関東を中心に全国各都市で「ホームセンターカインズ(CAINZ)」を展開するカインズ。1989年に第1号店舗を出店し、現在は全国に218店舗を数える。取り扱う商品は30万点以上に及び、2007年から始めたPB(プライベートブランド)商品が好調で、全売り上げの40%を占めるに至っている。
2019年からは、”IT小売業”を掲げて、ITの本格的なビジネス活用によるデジタルトランスフォーメーション(DX)を進めている。
話題を呼んだ施策の1つが、希望の店舗の商品をネットやアプリで取り置きでき、店舗で受け取れる「Cainz PickUp」サービスだ。店舗内の売り場検索アプリから、EC決済済みの商品を店舗内のロッカーで受け取るサービスなど、さまざまなデジタル施策を展開している(写真2)。
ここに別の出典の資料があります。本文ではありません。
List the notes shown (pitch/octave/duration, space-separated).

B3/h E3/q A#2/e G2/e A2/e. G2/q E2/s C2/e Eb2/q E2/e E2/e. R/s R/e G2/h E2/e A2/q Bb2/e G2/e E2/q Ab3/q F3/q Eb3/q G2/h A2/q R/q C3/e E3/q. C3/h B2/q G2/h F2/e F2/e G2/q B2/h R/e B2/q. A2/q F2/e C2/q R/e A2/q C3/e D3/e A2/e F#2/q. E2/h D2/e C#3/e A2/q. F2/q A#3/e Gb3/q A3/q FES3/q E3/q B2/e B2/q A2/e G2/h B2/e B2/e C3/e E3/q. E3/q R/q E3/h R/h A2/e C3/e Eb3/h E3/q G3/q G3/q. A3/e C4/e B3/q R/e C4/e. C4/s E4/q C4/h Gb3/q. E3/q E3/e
カインズ デジタル戦略本部 eコマース部 部長の辻真弘氏(写真1)は、「デジタル技術の活用にあたっては、マスターデータを整備するMDM活動が必須」と力説する。システムを開発するだけでは不十分で、システムが正しく自動処理できるように、マスターデータをしっかり整備しなければならないことに行き着いたという。
組織のマインドがMDMを阻害する要因になっている
マスターデータの整備が基本にして重要であるにもかかわらず、現実には、多くの企業でMDMの取り組みが進んでいない、と辻氏。「MDMの重要性に気づいているにも関わらず、マスターデータを整備するプロジェクトは、なかなか賛同を得られない。MDMへの投資は承認されず、MDMプロジェクトには人材をアサインしてもらえない」という。
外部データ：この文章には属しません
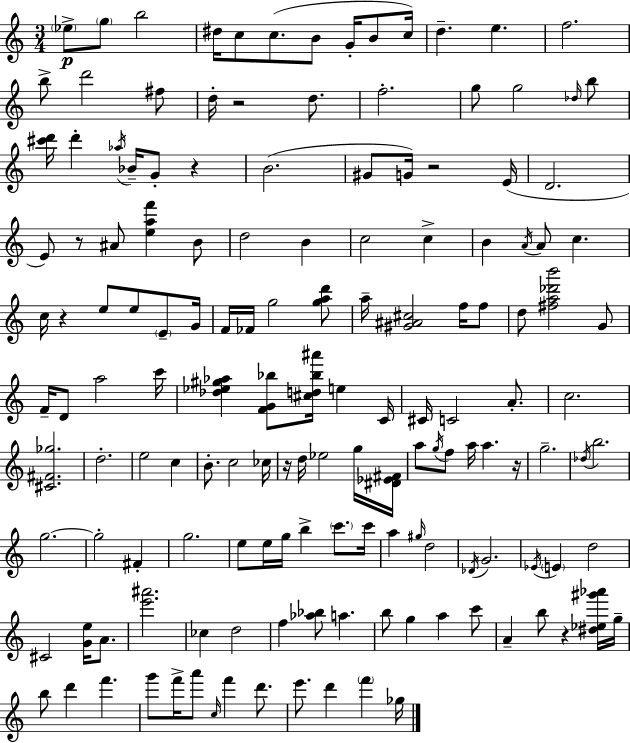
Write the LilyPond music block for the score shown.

{
  \clef treble
  \numericTimeSignature
  \time 3/4
  \key a \minor
  \parenthesize ees''8->\p \parenthesize g''8 b''2 | dis''16 c''8 c''8.( b'8 g'16-. b'8 c''16) | d''4.-- e''4. | f''2. | \break b''8-> d'''2 fis''8 | d''16-. r2 d''8. | f''2.-. | g''8 g''2 \grace { des''16 } b''8 | \break <cis''' d'''>16 d'''4-. \acciaccatura { aes''16 } bes'16-- g'8-. r4 | b'2.( | gis'8 g'16) r2 | e'16( d'2. | \break e'8) r8 ais'8 <e'' a'' f'''>4 | b'8 d''2 b'4 | c''2 c''4-> | b'4 \acciaccatura { a'16 } a'8 c''4. | \break c''16 r4 e''8 e''8 | \parenthesize e'8-- g'16 f'16 fes'16 g''2 | <g'' a'' d'''>8 a''16-- <gis' ais' cis''>2 | f''16 f''8 d''8 <fis'' a'' des''' b'''>2 | \break g'8 f'16-- d'8 a''2 | c'''16 <des'' ees'' gis'' aes''>4 <f' g' bes''>8 <cis'' d'' bes'' ais'''>16 e''4 | c'16 cis'16 c'2 | a'8.-. c''2. | \break <cis' fis' ges''>2. | d''2.-. | e''2 c''4 | b'8.-. c''2 | \break ces''16 r16 d''16 ees''2 | g''16 <dis' ees' fis'>16 a''8 \acciaccatura { g''16 } f''8 a''16 a''4. | r16 g''2.-- | \acciaccatura { des''16 } b''2. | \break g''2.~~ | g''2-. | fis'4-. g''2. | e''8 e''16 g''16 b''4-> | \break \parenthesize c'''8. c'''16 a''4 \grace { gis''16 } d''2 | \acciaccatura { des'16 } g'2. | \acciaccatura { ees'16 } \parenthesize e'4 | d''2 cis'2 | \break <g' e''>16 a'8. <e''' ais'''>2. | ces''4 | d''2 f''4 | <aes'' bes''>8 a''4. b''8 g''4 | \break a''4 c'''8 a'4-- | b''8 r4 <dis'' ees'' gis''' aes'''>16 g''16-- b''8 d'''4 | f'''4. g'''8 f'''16-> a'''8 | \grace { c''16 } f'''4 d'''8. e'''8. | \break d'''4 \parenthesize f'''4 ges''16 \bar "|."
}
MDMプロジェクトを阻害する要因として辻氏は、「組織のマインドが壁となっている」と指摘する。特に、マスターデータの登録部署と利用部署が異なっているため、問題が起こった時にマスターデータの間違いが原因であると気づきにくい構造がある。
マスターデータの品質が可視化できていないことも問題である。品質を高めても、評価を得られない。品質に対する責任の所在も曖昧で、マスターデータの品質に誰が責任を持つのかが定まっていない。
マスターデータ品質に起因するトラブルは多い
実際に、マスターデータの品質が悪いことが原因となって起こるトラブルは多いと辻氏は指摘する。
例えば、商品担当がマスターデータを更新し、意図せずに商品に販売終了の設定をしてしまうケースがある。顧客からの問い合わせは、マスターデータを登録した商品担当ではなく、顧客窓口担当者が受ける。こうした問題を放置すると、確認作業や顧客対応に手間が発生する。
宅配便で発送する商品の重量データが間違っているケースも深刻である。倉庫において、想定していた重量をオーバーしていた場合、重量の制約があるヤマト運輸から佐川急便へと、配送業者を切り替える手続きが生じる。顧客も、別々の時間に複数の配送事業者から商品が届くことになる。